Demetrios Matsakis dnmyiasou at yahoo.com
Tue Nov 15 14:31:12 EST 2022


That evolutionary approach sounds like exactly what I think would happen if future leap seconds were abolished.  Over the centuries, and very gradually (as in not abruptly), people will on the average start going to work a little later as judged by the clock… if they even do “go to work” so far in the future.

On DST, maybe Tom should start a list serve devoted to it.  I believe one reason the House of Representatives did not take up the Senate bill was because some professional psychiatrist organizations have decided DST is horrible and they deluged the poor congresspeople with letters.  I like to make fun of one refereed publication that claims those Indiana students who were “subjected” to DST had a 16% lower IQ.  Another one, about traffic accidents, showed a whole bunch of wiggles over a year, and said that one of those coincided with a DST switch.  I also saw something associated with Fox News that had a few things just as strange as what people say about other things they propagate.  Hopefully the shrinks have a more realistic publication base to draw from.

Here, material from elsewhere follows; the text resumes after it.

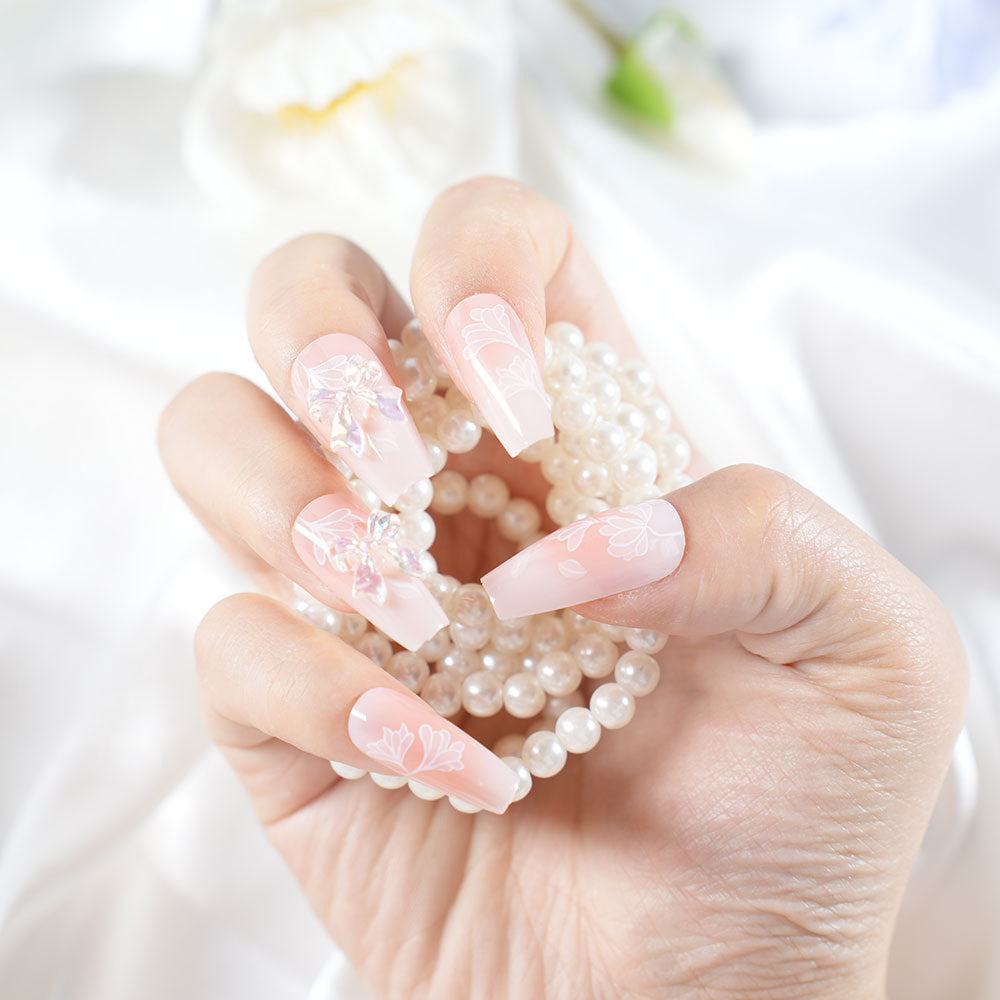 Elegant Floral Press-On Nail Extensions Acalora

> On Nov 15, 2022, at 9:23 AM, Gerard Ashton via LEAPSECS <leapsecs at leapsecond.com> wrote:
> 
> The bill currently in the US Congress, the "Sunshine Protection Act" (S. 623) illustrates the desire of politicians to wait for decades to address an issue, and then go for the quick fix. The bill would establish permanent daylight saving time. The slower approach would be to abolish daylight saving time and let people work out a schedule they decide is the best compromise between summer and winter.
> 
> Gerard Ashton
> 
> On Tue, Nov 15, 2022 at 5:27 AM Poul-Henning Kamp <phk at phk.freebsd.dk <mailto:phk at phk.freebsd.dk>> wrote:
> --------
> Clive D.W. Feather writes:
> 
> > Stick with what people are used to, which is (mostly) shifts of an hour.
> 
> Yeah, well...
> 
> That's the disadvantage of handling it at the political level:
> 
> There is no discernible upper limit to how stupid politicians can be about timezones.
> 
> Apart from 15 minute and 30 minute deltas, there is a clear tendency to make changes with far too short notice.
> 
> The good news is that stupid timezone decisions can only hurt the
> geographical area controlled by the politicians, so there is a
> feedback-mechanism in place.
> 
> -- 
> Poul-Henning Kamp       | UNIX since Zilog Zeus 3.20
> phk at FreeBSD.ORG         | TCP/IP since RFC 956
> FreeBSD committer       | BSD since 4.3-tahoe    
> Never attribute to malice what can adequately be explained by incompetence.